To the surprise of many health policy experts, many of whom had warned of a mass exodus from employer-sponsored plans to the exchanges, the CMS data also shows that enrollment in employer-sponsored plans rose slightly in 2015. As a result, an increasing number of small and mid-sized employers in particular will face the burden of soaring healthcare costs in 2017.

Self-funding an employee health plan remains one of the most effective cost-containment strategies for employers with a relatively healthy workforce and a willingness to customize a plan. From 2013 to 2015, the number of mid-sized firms that "self-insure" jumped nearly 20 percent, according to the Employee Benefit Research Institute. Among small companies, that share is now up seven percent. As the cost of maintaining fully-funded plans continues to rise, in large part spurred by the Affordable Care Act's coverage mandates, we can expect these numbers to rise.

Self-funding provides employers with flexibility and the opportunity for employee engagement when designing their health plans. Employers can avoid many state-based coverage mandates and administrative costs because of federal preemption of state health insurance regulations. They can work with third-party vendors to analyze claims data and implement unique risk controls such as wellness programs, smoking cessation initiatives, and tiered prescription drug benefits.
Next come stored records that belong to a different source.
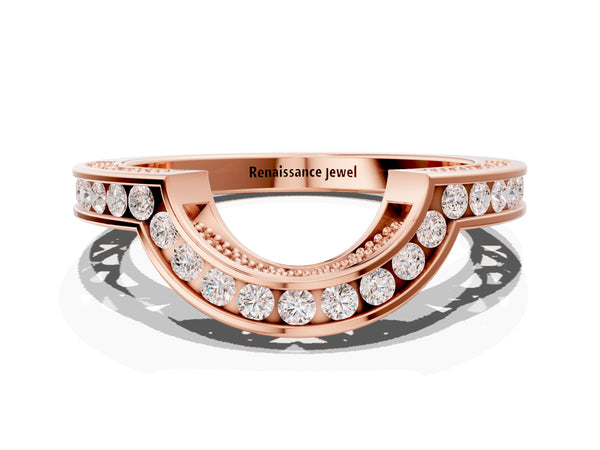Rose gold Round Channel-Set Diamond Contour Band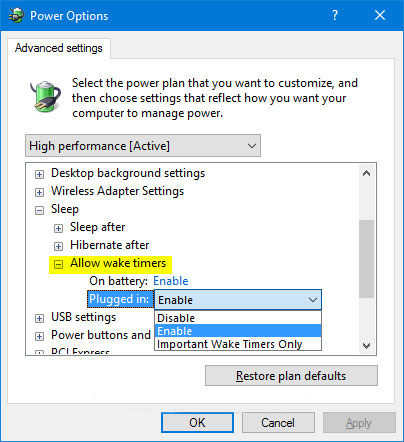 Thêm/xóa 'Allow wake timers' khỏi Power Options trong Windows 10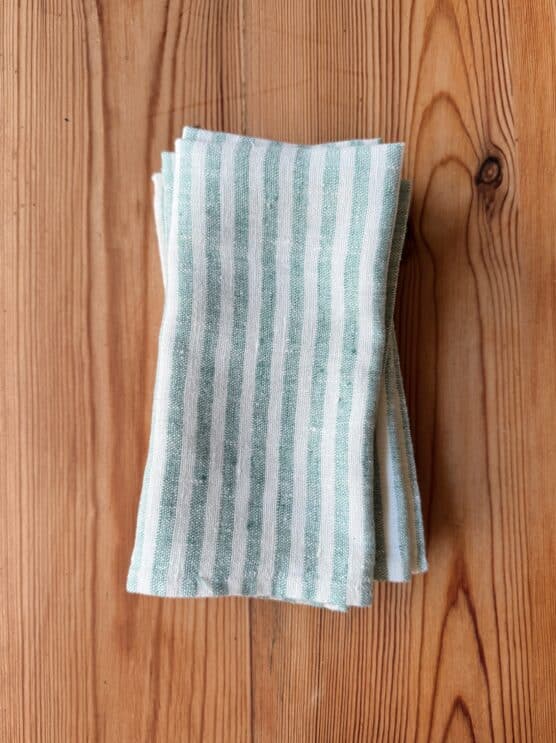 Mint Green Stripe Linen Napkin Set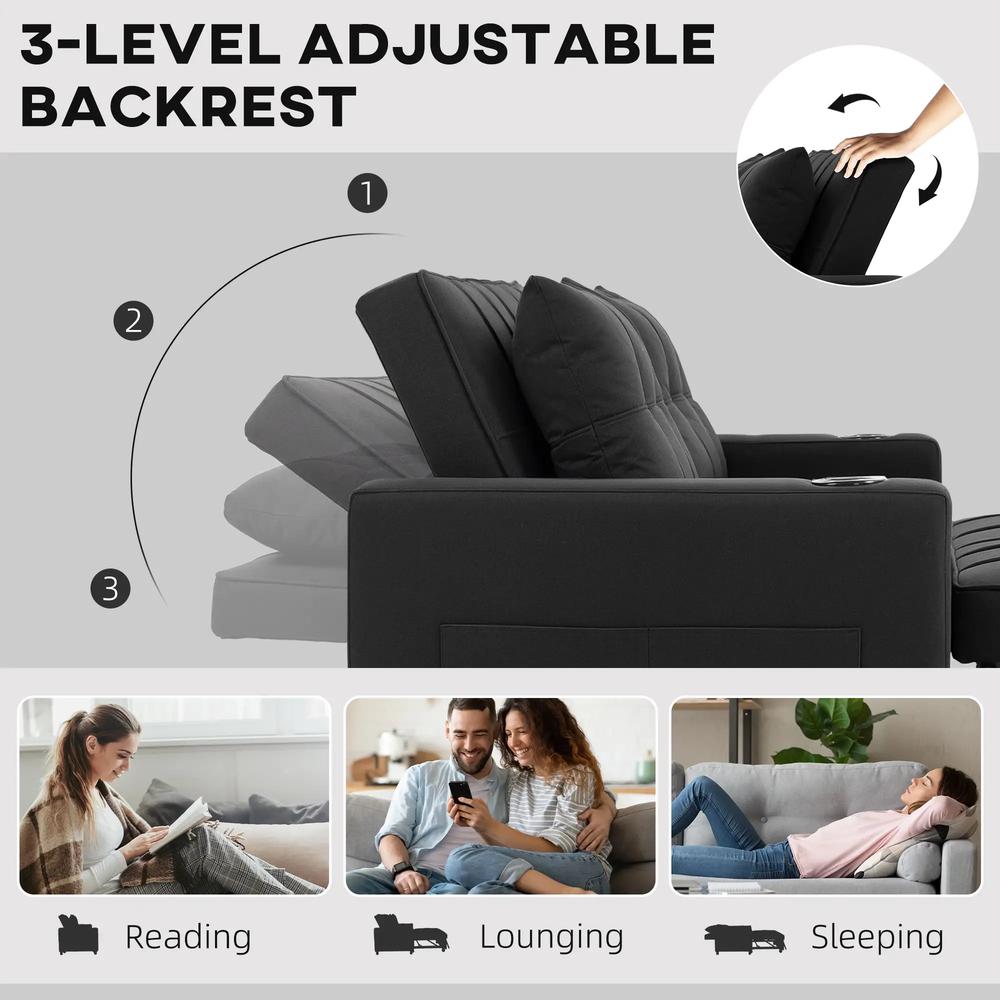 HOMCOM Two-Seater Pull-Out Sofa Bed Additional View 16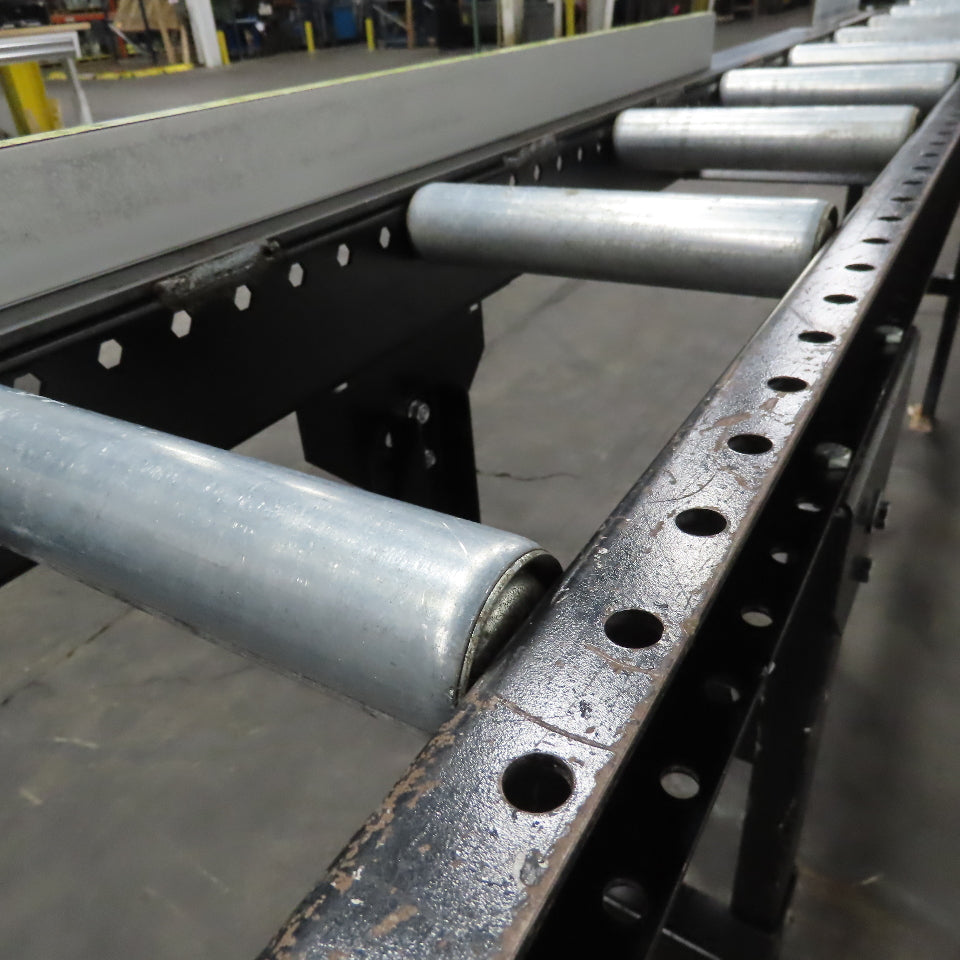 9" Width Band Saw Material Run Out Roller Conveyor W/ Stop 10'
A more recent development in the self-funded industry has been the increased use of employer incentive programs. These programs reward employees with cash and other incentives if they create savings for the health plan by voluntarily obtaining care from lower-cost healthcare providers. Many resources exist that enable employees to determine what various providers of different medical services commonly charge for certain services, and what to expect in terms of the quality of their outcomes. For example, third-party organizations routinely provide objective analyses of medical billing by claim type and by facility, while others measure how many mistakes are made by providers. These resources provide quality metrics, a comparison of prices, and even letter grades based on factors such as quality outcomes and lack of provider error. In its Review of State Reports (2008-2015), Freedman Healthcare confirms that "high prices do not directly correlate with high quality of care -- in other words, the highest paid providers do not necessarily provide the highest quality of care." For some procedures, the price discrepancy can be substantial. For example, one employer reported a price difference of $18,000 for a gastric sleeve procedure between two facilities in Louisiana.
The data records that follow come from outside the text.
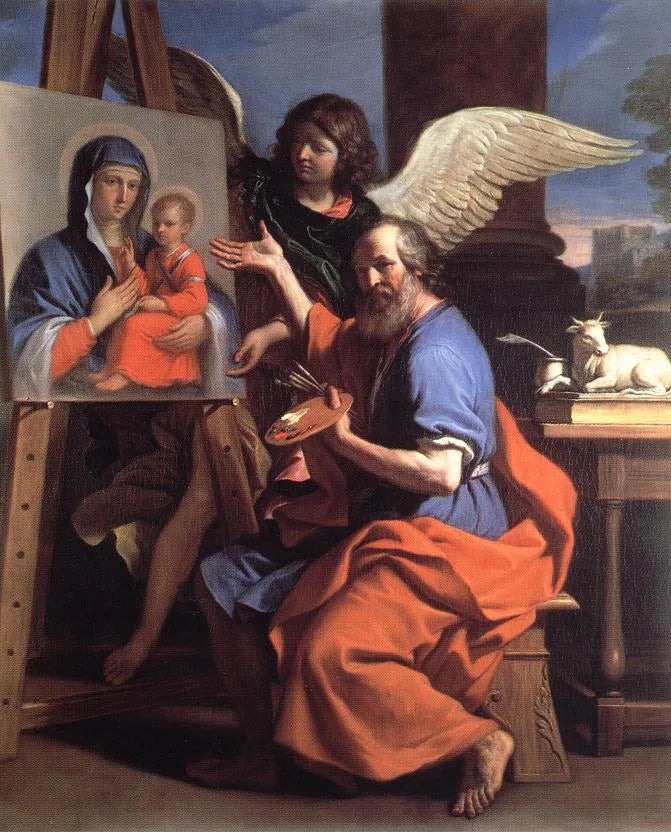 São Lucas mostrando uma pintura da Virgem - Guercino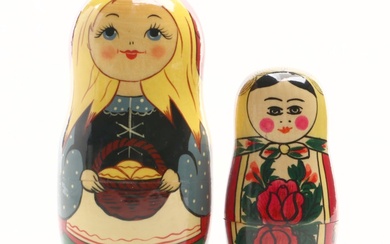Russian Little Red Ridding Hood and Folk Art Style Matryoshka Dolls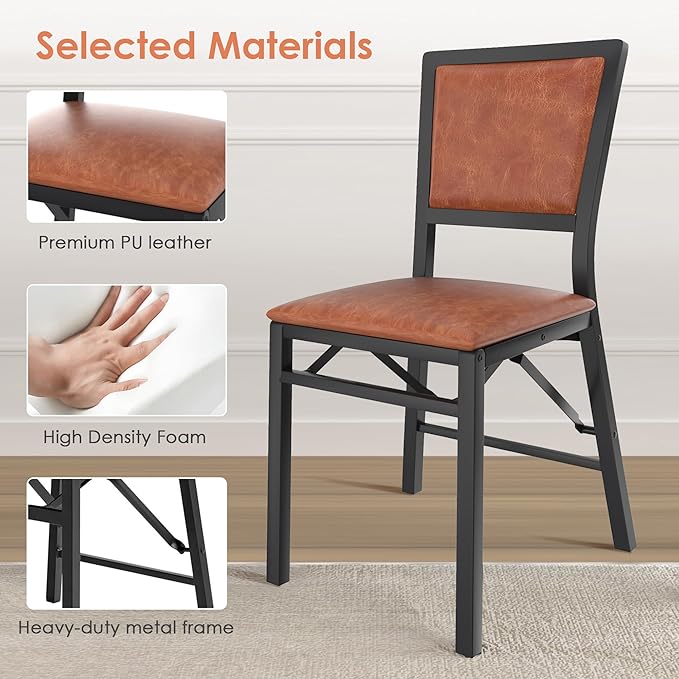 VECELO Folding Chairs Set of 2 with Cushion, Foldable Padded Seats with Heavy Duty Metal Frame for Kitchen/Dining/Living Room, No Assembly & Space Saving Design, Chestnut Brown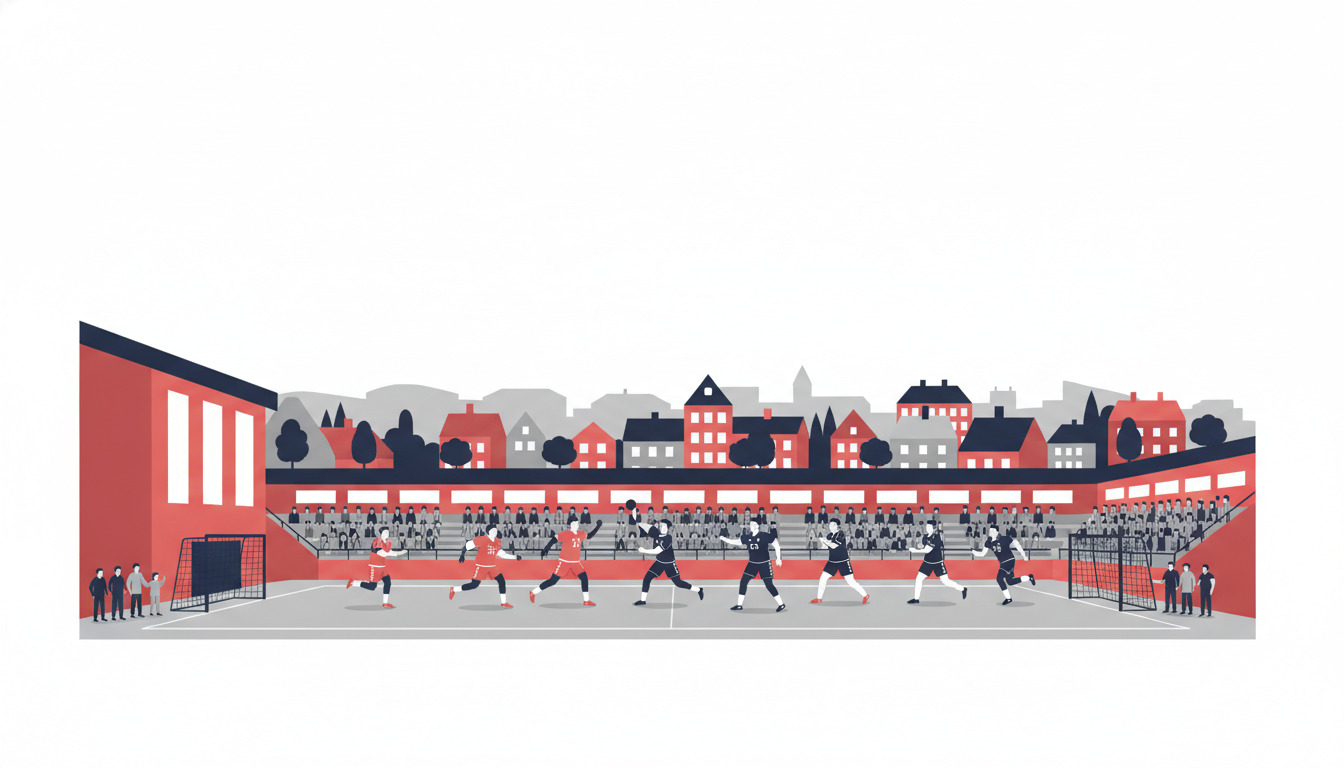 Flat-vector illustration af en udendørs fodboldkamp med spillere på en fodboldbane, tilskuere på tribuner og en generisk bysilhuet—forkert sport og letterbox-komposition for Skjern Håndbold indendørshallescene.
While these programs can help alleviate the financial burden, cost will not be the only concern for employer-sponsored care this year. Under a new administration, employers will also face legislative and regulatory uncertainty. President-elect Trump has vowed not only to repeal and replace the Affordable Care Act, but to reduce regulations overall at the federal level. This would be a welcome development for employers, but it remains to be seen which provisions of the Affordable Care Act will be left in place. For example, if the Trump Administration moves to repeal the employer mandate, employers would no longer be required to offer health insurance to their full-time employees. Also, employers would no longer need to report coverage to the IRS or determine the value and affordability of their plans.
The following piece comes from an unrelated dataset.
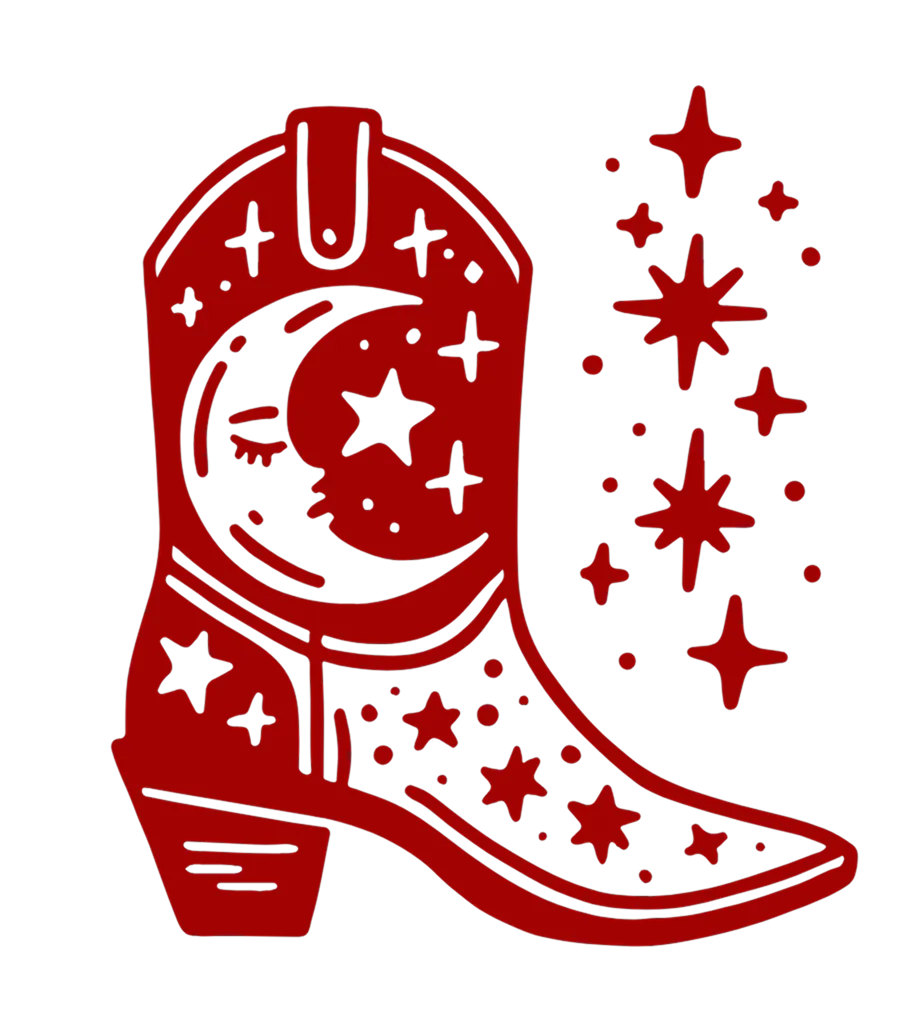 Ilustracja buta kowbojka z gwiazdkami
Despite the uncertainty, Trump has promised to keep in place two of the most popular ACA provisions; the ban on denying coverage to individuals with pre-existing conditions and the extension of dependent coverage up until age 26. Health policy experts have warned that these two components of the ACA are only viable if accompanied by coverage mandates, which would diversify insurance risk pools. Whether or not the employer mandate is preserved, employers seeking affordable coverage options for their employees will continue to benefit from the flexibility of self-insuring.